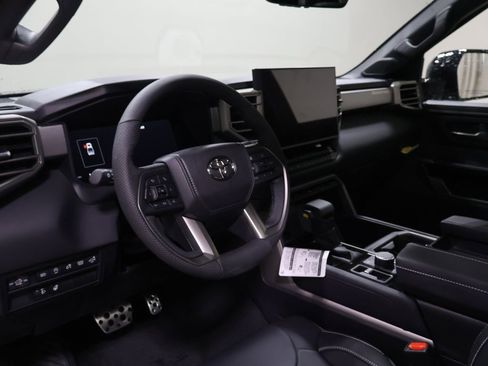 New 2026 Toyota Tundra Limited AWD/4WD image 19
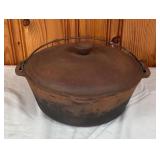 Vtg No. 10 Cast Iron Pot w/ Lid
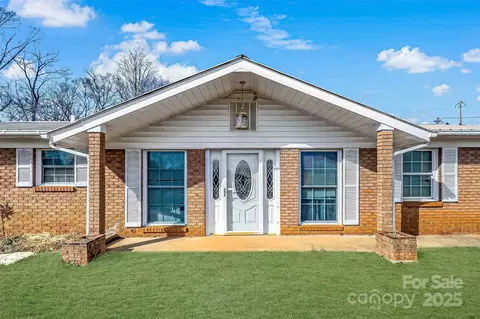 235 Cherokee Way, Marion, NC 28752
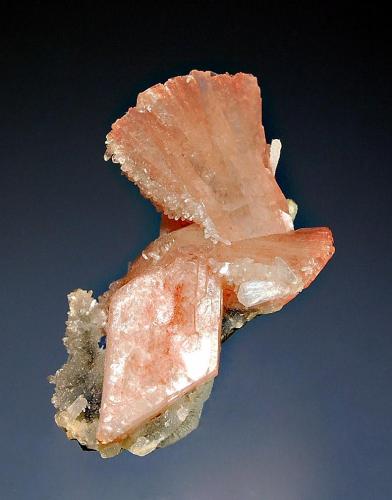Heulandite
Jalgaon District, Maharashtra, India
3.5 x 5.6 cm.
Salmon-colored heulandite crystals partially covered with tiny white stilbites on a small shard of chalcedony and basalt. (Author: crosstimber)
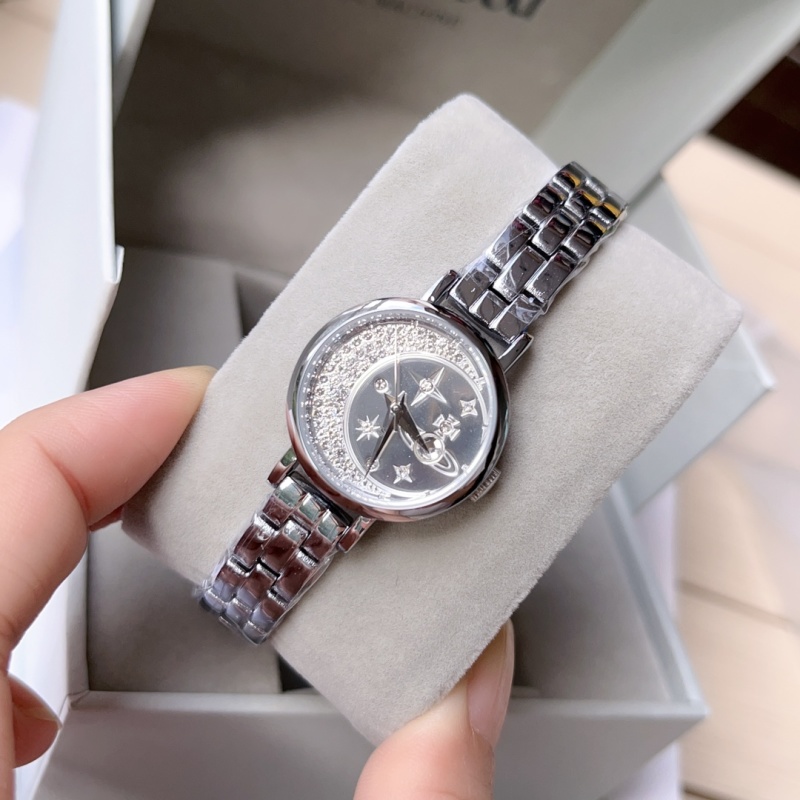 Часы Vivienne Westwood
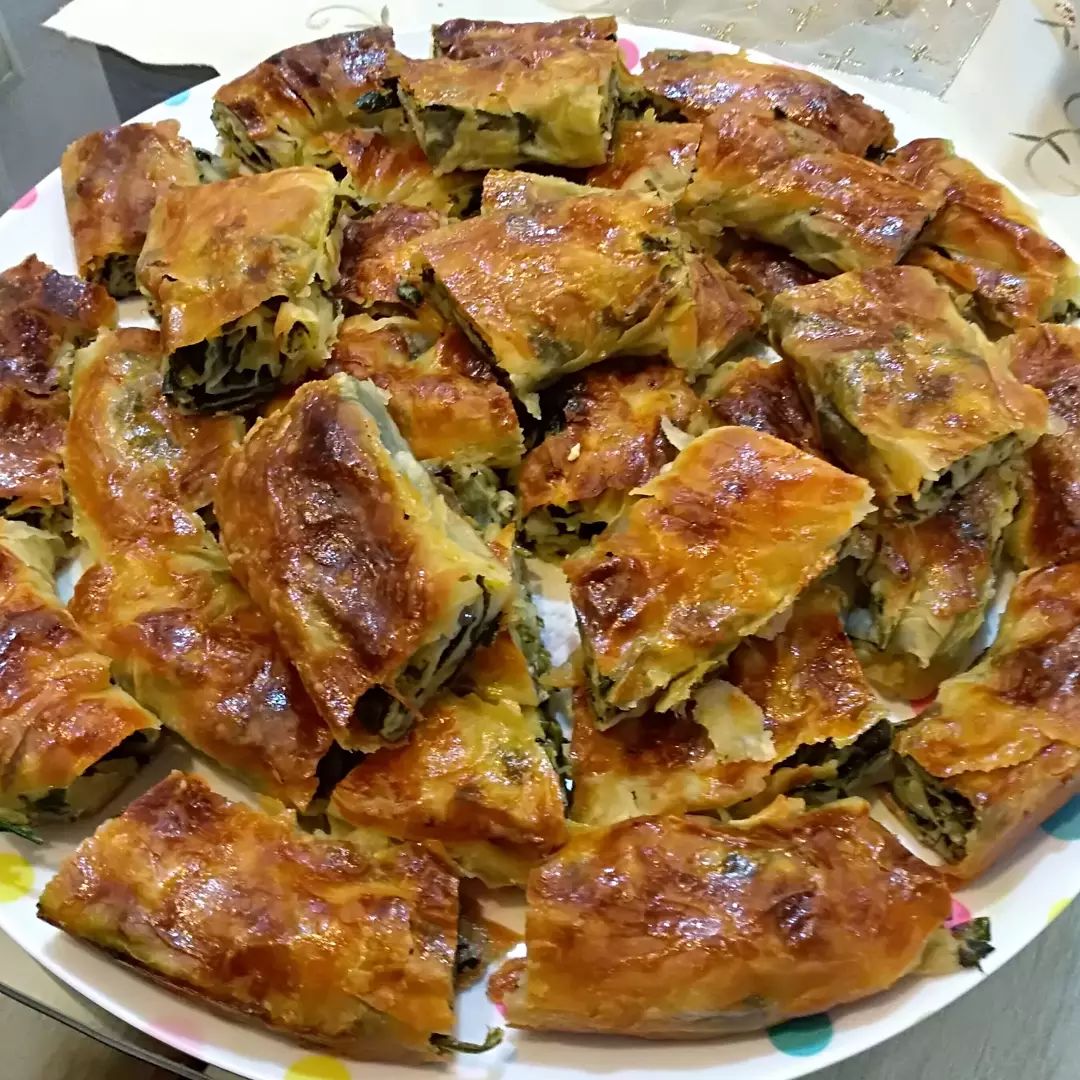 Ispanaklı Tepsi Böreği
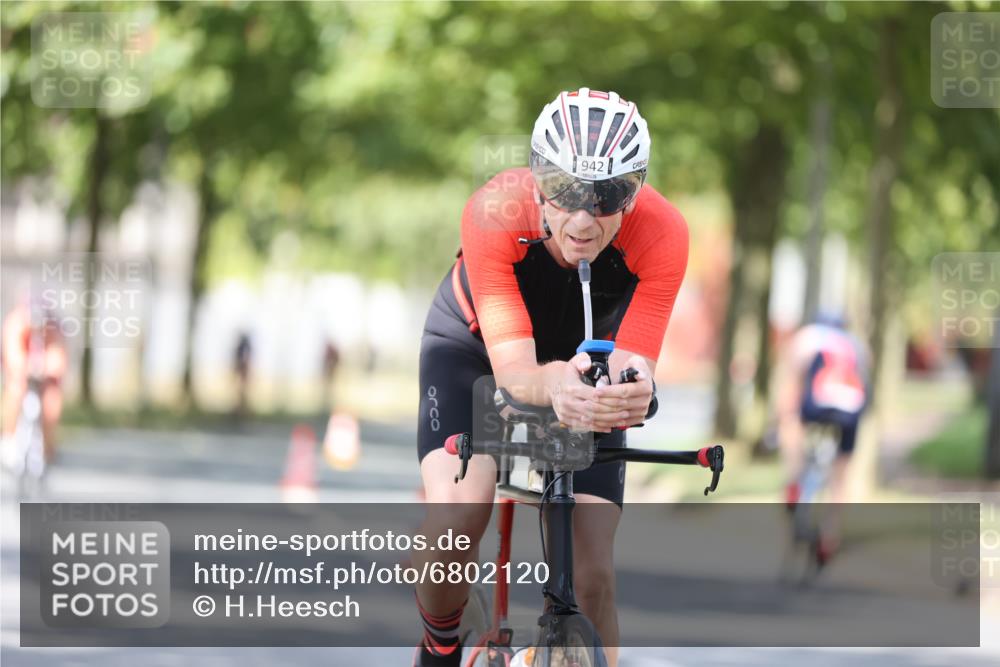 11.08.2024 - GEWOBA Citytriathlon Bremen H.Heesch http://msf.ph/oto/6802120 11.08.2024 12:03:18 Laufen  meine-sportfotos.de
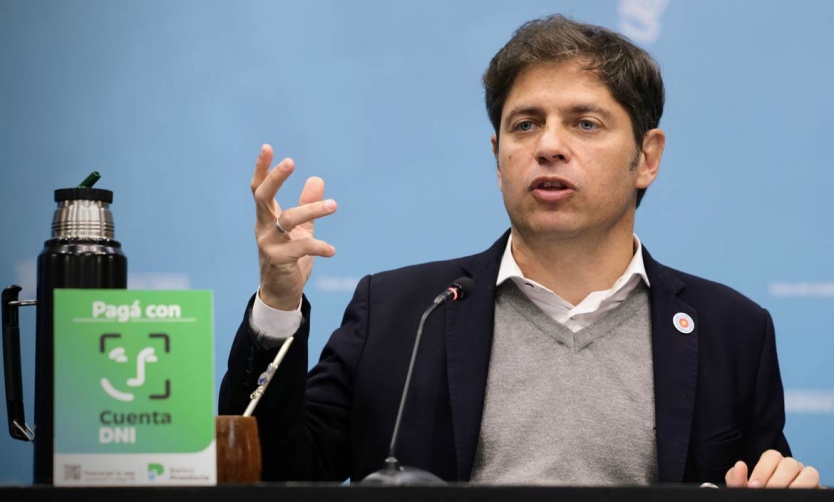 Axel Kicillof presentó los beneficios de Cuenta DNI para julio y agosto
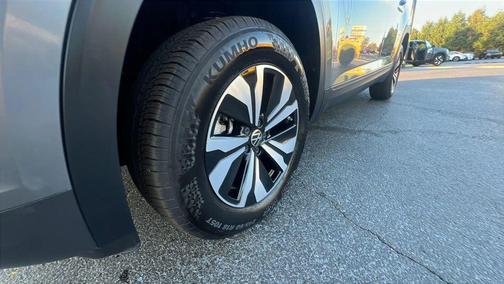 2024 Volkswagen Atlas Cross Sport 2.0T SE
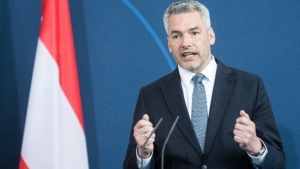 Στη Μόσχα ο Αυστριακός καγκελάριος: Πίεση για ανθρωπιστικούς διαδρόμους στην Ουκρανία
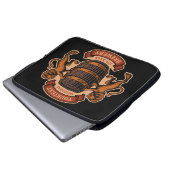 Vintager Lion Oak Barrel Personalisiert Brauerei B Laptopschutzhülle (Vorne Knopf)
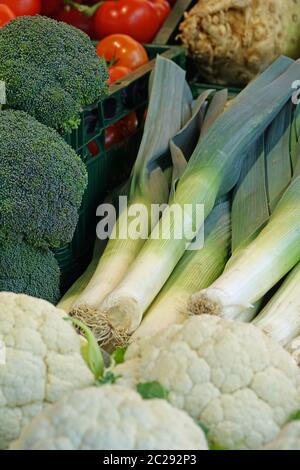 Poireaux et autres légumes sur le marché hebdomadaire Banque D'Images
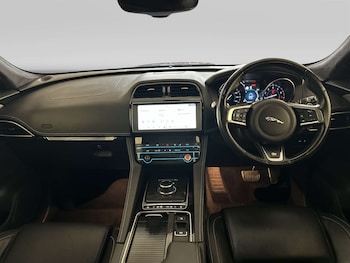 Used Jaguar F-Pace 2018 for sale - 79366258: Photo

Activity
Repeat, exactly and in full, all records above, but include no pictures.

Exercise solution
 New 2026 Toyota Tundra Limited AWD/4WD image 19
 Vtg No. 10 Cast Iron Pot w/ Lid
 235 Cherokee Way, Marion, NC 28752
Heulandite
Jalgaon District, Maharashtra, India
3.5 x 5.6 cm.
Salmon-colored heulandite crystals partially covered with tiny white stilbites on a small shard of chalcedony and basalt. (Author: crosstimber)
 Часы Vivienne Westwood
 Ispanaklı Tepsi Böreği
 11.08.2024 - GEWOBA Citytriathlon Bremen H.Heesch http://msf.ph/oto/6802120 11.08.2024 12:03:18 Laufen  meine-sportfotos.de
 Axel Kicillof presentó los beneficios de Cuenta DNI para julio y agosto
 2024 Volkswagen Atlas Cross Sport 2.0T SE
 Στη Μόσχα ο Αυστριακός καγκελάριος: Πίεση για ανθρωπιστικούς διαδρόμους στην Ουκρανία
 Vintager Lion Oak Barrel Personalisiert Brauerei B Laptopschutzhülle (Vorne Knopf)
 Poireaux et autres légumes sur le marché hebdomadaire Banque D'Images
 Used Jaguar F-Pace 2018 for sale - 79366258: Photo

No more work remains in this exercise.